Che emozione! Veder nascere una nuova lingua e sentire che sì, che è possibile un italiano creolo e che in fondo la lingua è una sola, quella degli uomini liberi; i loro canti si incrociano e si trasmettono come onde nel mare della fraternità e della libertà.
Davvero un bellissimo poema, complesso ed emozionante; un poema altresì musicale. Grazie ad entrambi.
Ce poème montre que nous n’avons rien, mais si nous venons au monde portés, nourris par le langage, nous avons tout… Ce poème nous fait voir la langue à l’oeuvre. L’invisible commence avec le regard sur le visible mais le visible n’apparaît qu’à celui qui pressent l’invisible qui sous-tend le monde. Merci pour la jubilation qui jaillit dans chaque mot et dans chaque image.

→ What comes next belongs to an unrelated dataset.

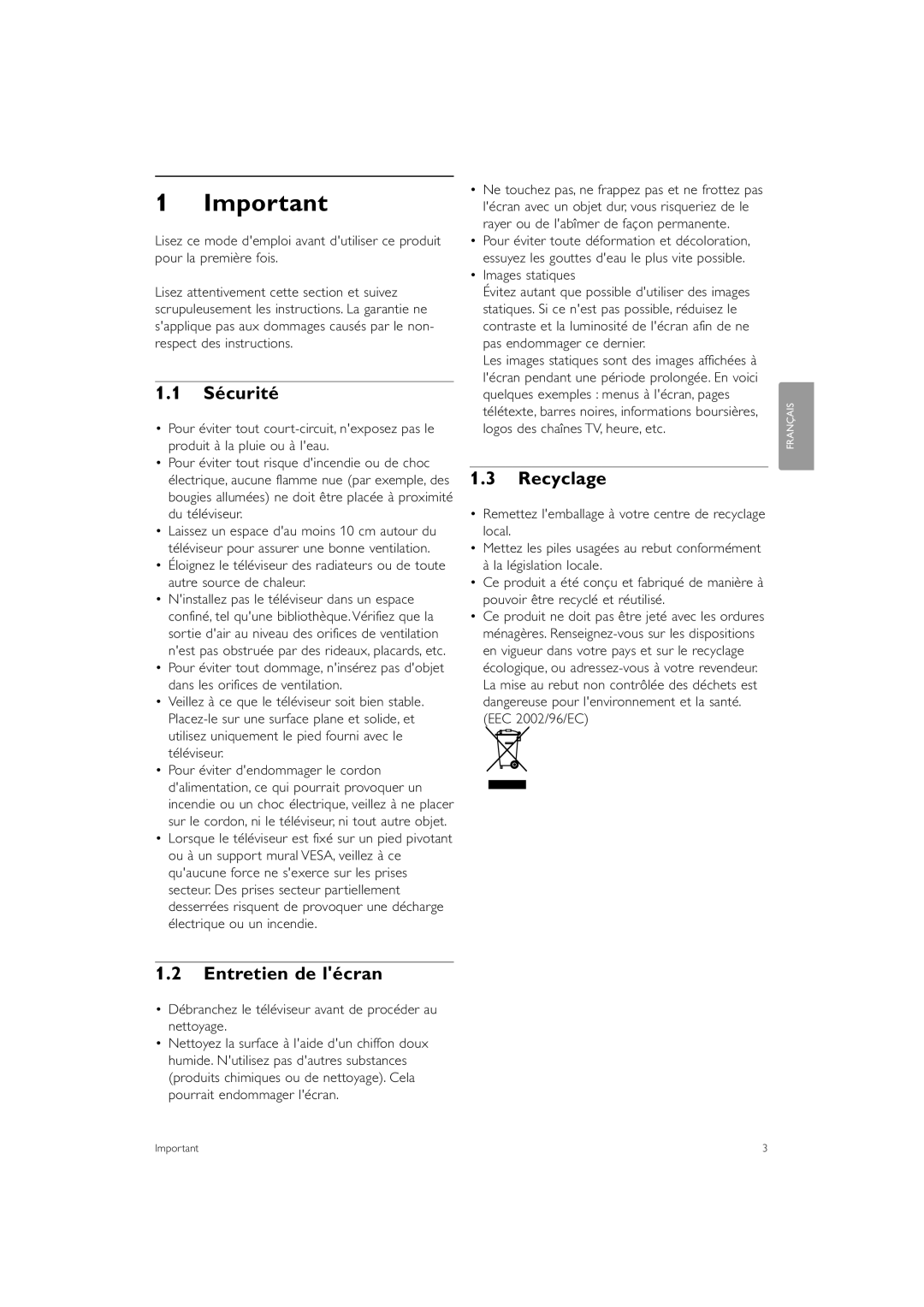 Philips 37PFL7403, 47PFL7403 manual Sécurité, Recyclage, Entretien de lécran, Images statiques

Veron, je suis intéressée par le commentaire que vous laissez sur l’étonnant texte d’Antonio Devicienti. En quelques phrases pudiques mais intenses, vous embrassez le chemin par lequel cet homme aujourd’hui audacieux, se déploie hors des berges obligées de la langue unique, en une chevauchée de dialectes et de langues qui galopent ensemble, se parlent et se renvoient la balle avec une extrême jubilation comme vous le soulignez.
Nous assistons là à une joyeuse « Débabelisation » de nos langues communes, qui permet dans la foulée à Antonio Devicienti de chanter son pays natal, de faire résonner sa mémoire et d’affirmer son éthique en chantre idéaliste qu’il est.
Vous dites : ce poème nous fait voir la langue à l’oeuvre. C’est cela même ! Formule lapidaire et bien décantée, qui cerne le poème avec ses multiples cadences, ses « lancers » dans l’Histoire et rebonds dans les plis de la littérature, ses incursions dans sa sensibilité d’homme et de poète qui se révèle en écho de gratitude et d’admiration aux poèmes et aux présentations d’Histoire de l’Art de son ami Yves.
Cela nous touche, offert en contrepoint à tout ce qui souille et désertifie le monde. Qu’une telle ferveur rayonne en ce lieu de poésie.
Je remercie de tout mon coeur toutes les lectrices et tous les lecteurs qui ont donné leur attention à mes textes (non seulement au poème « Salento ») et Yves, ami si généreux. J’ai lu des commentaires si passionnés et si profonds que j’en suis profondément ému. MERCI.